[slurm-users] Problem with permisions. CentOS 7.8

Tue Jun 2 09:58:35 UTC 2020

Hi!

I did a fresh installation with the EPEL repo, and installing munge from it and it worked. To have the slurm user for munge was definitely a problem, but that is the set up we have on the CentOS 6. Now I've learnt my lesson for future installations, thanks to everyone!

Now, I have a follow up question, if you don't mind. I am now trying to run slurm, and it crashes:

[root at roos21 ~]# systemctl status slurm.service

● slurm.service - LSB: slurm daemon management

   Loaded: loaded (/etc/rc.d/init.d/slurm; bad; vendor preset: disabled)

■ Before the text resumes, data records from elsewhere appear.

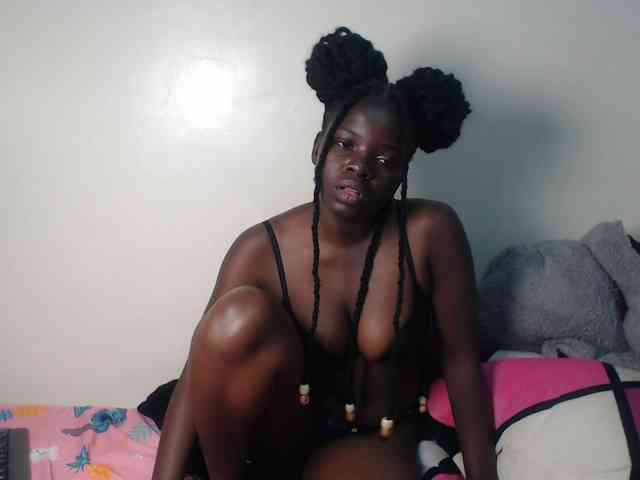 Petitebeauty webcam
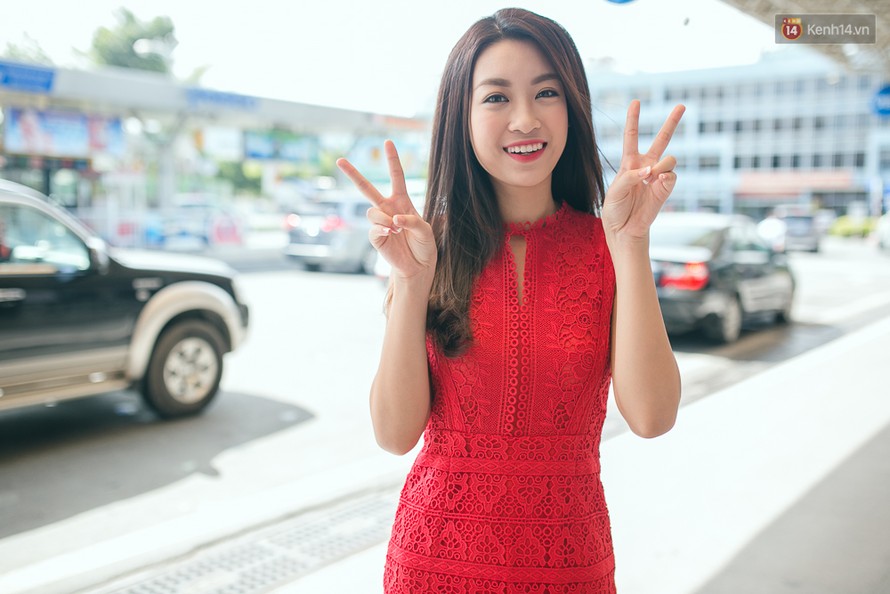 Hoa hậu Đỗ Mỹ Linh lên xe để di chuyển về nhà trên phố Hàng Đào, Hà Nội. Ảnh: Trí thức trẻ.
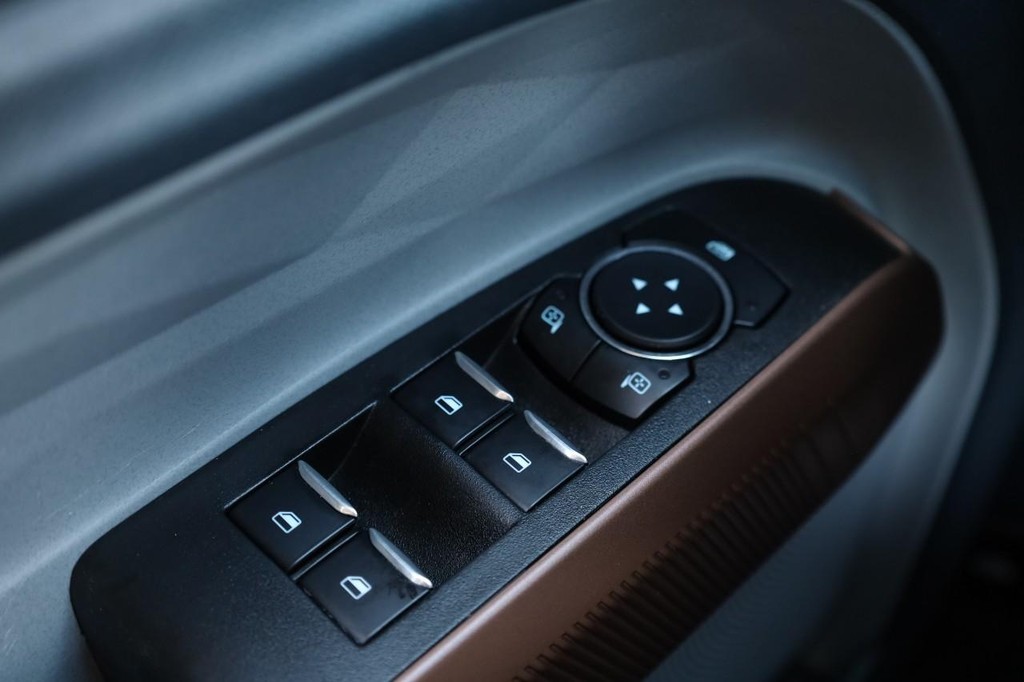 Ford Maverick Vehicle Image 19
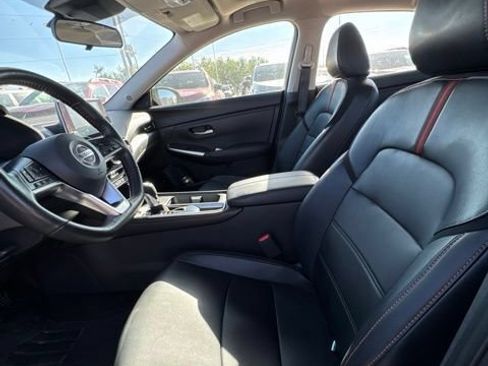 Used 2023 Nissan Sentra SR w/ SR Premium Package FWD image 11
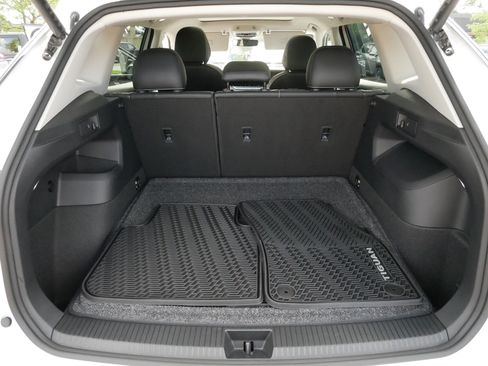 Certified 2025 Volkswagen Tiguan SE w/ Panoramic Sunroof Package AWD/4WD image 18
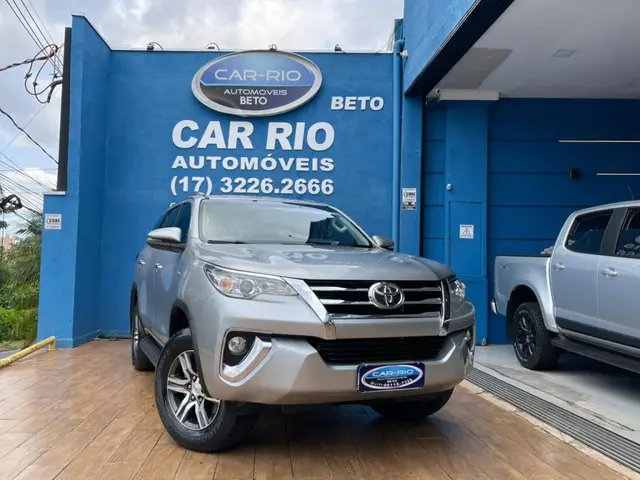 Carro Toyota SW4 2018 2.7 SRV 7L 4x2 (Aut) (Flex)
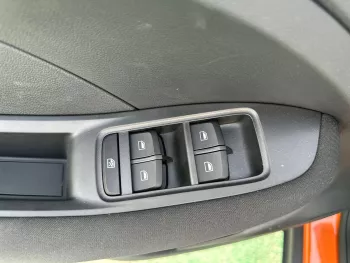 MG ZS STANDARD 2024 MODEL YEAR ORANGE COLOR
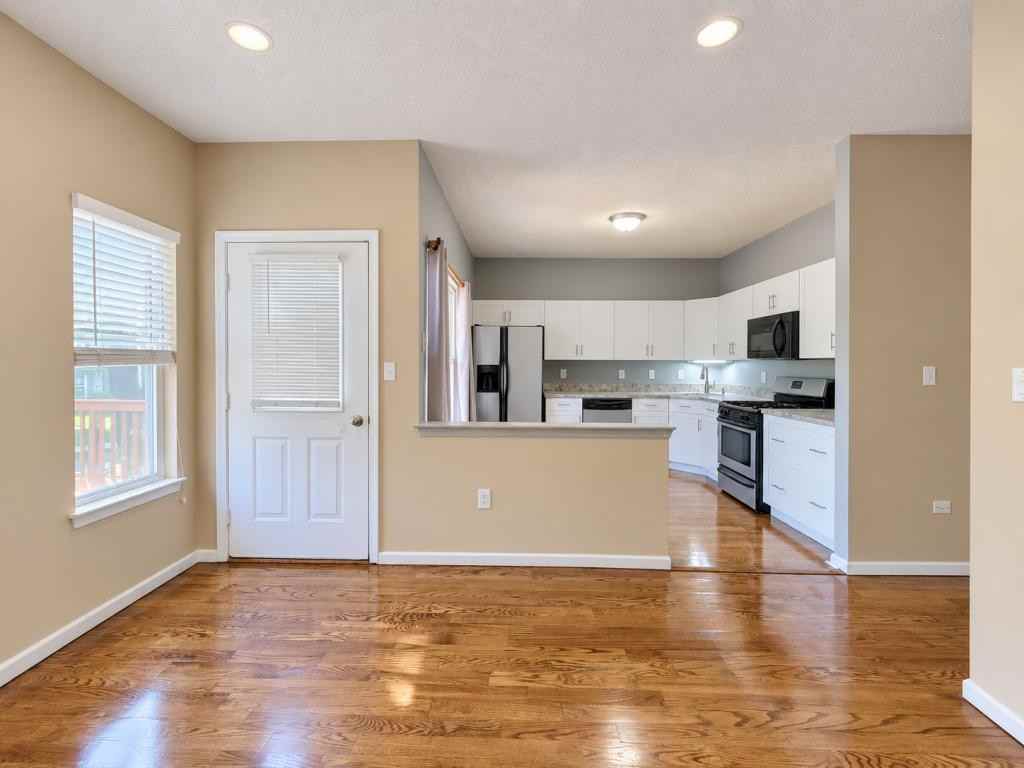 112 Richmond Ct N - Photo 7 of 45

   Active: failed (Result: protocol) since Tue 2020-06-02 11:45:33 CEST; 3min 33s ago

     Docs: man:systemd-sysv-generator(8)

Jun 02 11:45:33 roos21.organ.su.se systemd[1]: Starting LSB: slurm daemon management...

Jun 02 11:45:33 roos21.organ.su.se slurm[18223]: starting slurmd: [  OK  ]

Jun 02 11:45:33 roos21.organ.su.se systemd[1]: Can't open PID file /var/run/slurmctld.pid (yet?) after start: No such file or directory

Jun 02 11:45:33 roos21.organ.su.se systemd[1]: Failed to start LSB: slurm daemon management.

Jun 02 11:45:33 roos21.organ.su.se systemd[1]: Unit slurm.service entered failed state.

Jun 02 11:45:33 roos21.organ.su.se systemd[1]: slurm.service failed.

The thing is that this is a computing node, not the master node, so slurmctld is not installed. Why do I get this error?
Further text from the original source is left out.